O diretor comenta que pensou em George Clooney para interpretar o protagonista desde o início e que, admite, escreveu o personagem de Natalie para Anna Kendrick. “Eu lhe havia visto em Rocket Science e pensei que ela era simplesmente incrível, diferente de todas as atrizes de sua idade. E quando ela veio fazer a prova para Up in the Air, demonstrou isso. Anna tem uma voz absolutamente única que a diferencia de sua geração”, comentou Reitman.

Uma curiosidade da produção é que Up in the Air foi filmado em cinco cidades diferentes mas, como revela Jason Reitman, o filme retrata 20 lugares distintos. Essa característica exigiu um trabalho preciso do diretor artístico Steve Saklad. As cidades pelas quais Ryan Bingham passa durante a história foram cuidadosamente escolhidas. Elas refletem, segundo Reitman, aquelas que foram vítimas dos maiores cortes de pessoal, das quebras de empresas e dos problemas vividos por distintas partes dos Estados Unidos antes do filme ser rodado.
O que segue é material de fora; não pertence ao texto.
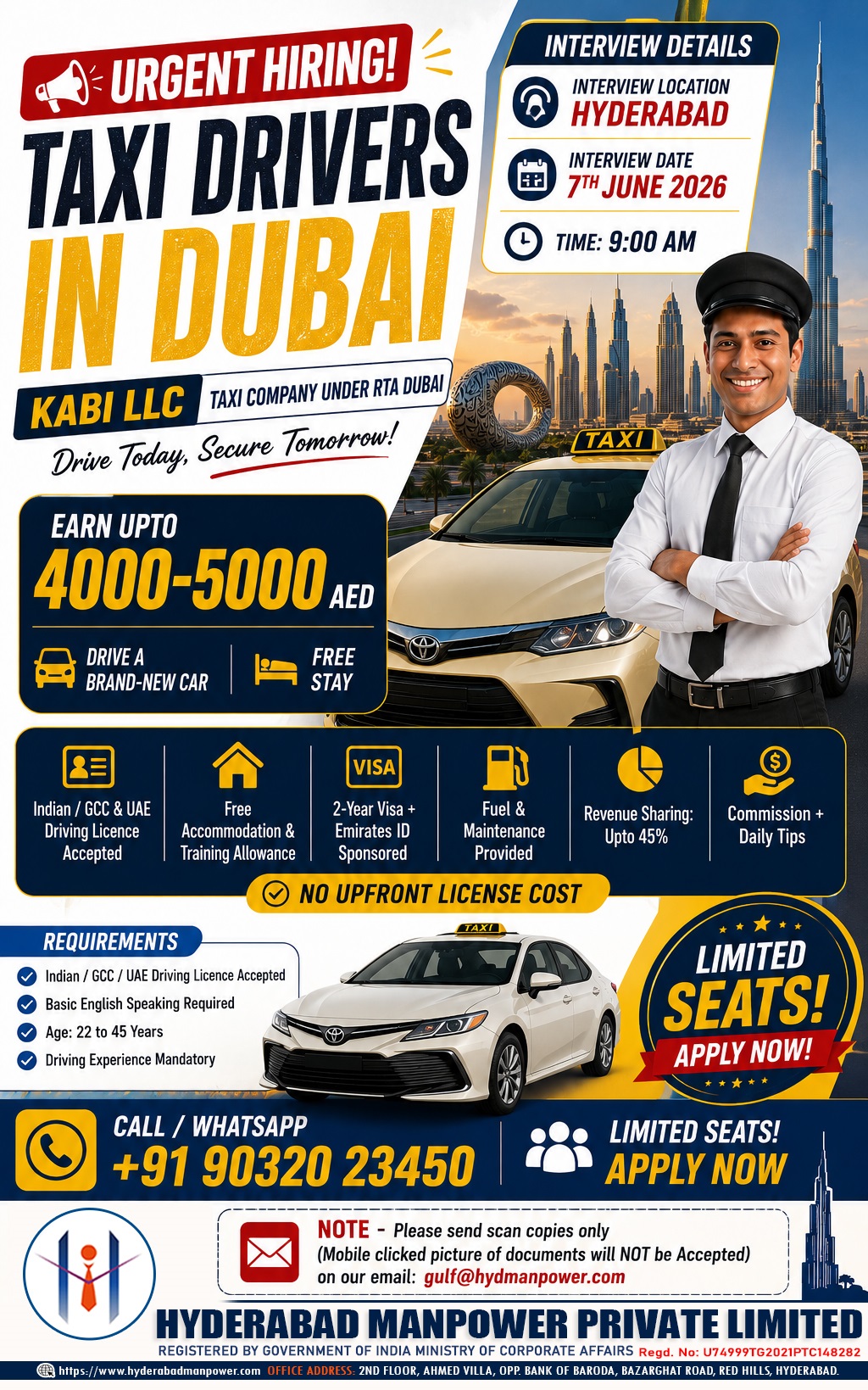 Urgent Hiring for Taxi Driver – Dubai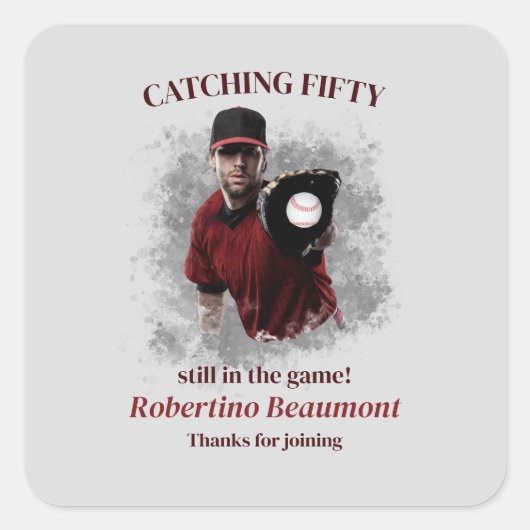 Modern Baseball Catching Fifty Men's 50th Birthday Vierkante Sticker (Voorkant)
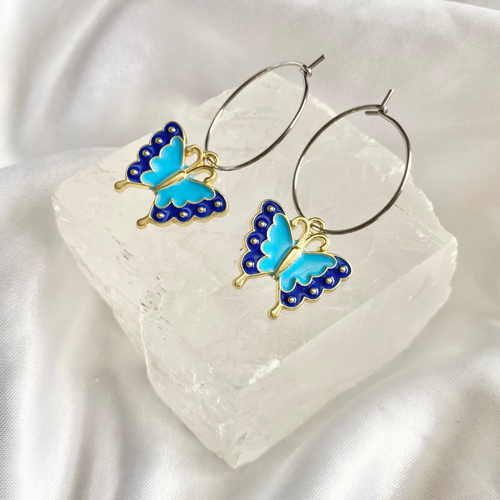 Blue Butterfly Hoop Earrings image 0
Incluem Detroit (sede da indústria automobilística), Phoenix (o escritório de uma seguradora sanitária), Saint Louis (uma linha de engarrafamento) e Wichita (empresas de seguros financeiros). As cidades de Saint Louis, Detroit, Omaha, Miami e Las Vegas serviram de sede para as filmagens – bairros de Saint Louis foram utilizados para reproduzir cenários de Chicago, por exemplo. Além disso, o filme contêm mais de 50 cenas rodadas em diversos aeroportos e aviões.

Um problema deste filme, para mim, é que ele segue um pouco a linha de “lamento” de que o “american way of life” saiu errado. Em outra palavras, Up in the Air fica um bocado limitado ao transferir, para o personagem de Ryan Bingham, todas as expectativas que o velho modelo de “a felicidade reside em um lar composto por pais e filhos” trazia. Digo isso porque, por exemplo, The Soloist também trata do mesmo problema de “falta de humanidade” e de laços afetivos no mundo atual. Trata, igualmente, da falta de capacidade das pessoas para olharem para alguém que esteja ao seu lado e tentar entender a sua história. Mas The Soloist não ganhou o apoio da crítica como Up in the Air. Certo que o texto de Reitman pode ser melhor que o de Susannah Grant, roteirista de The Soloist, mas pelo menos o filme de Joe Wright mostra que é possível estabelecer laços afetivos verdadeiros sem que as pessoas precisem, necessariamente, passar pela fórmula de “família feliz”. Algo para se pensar…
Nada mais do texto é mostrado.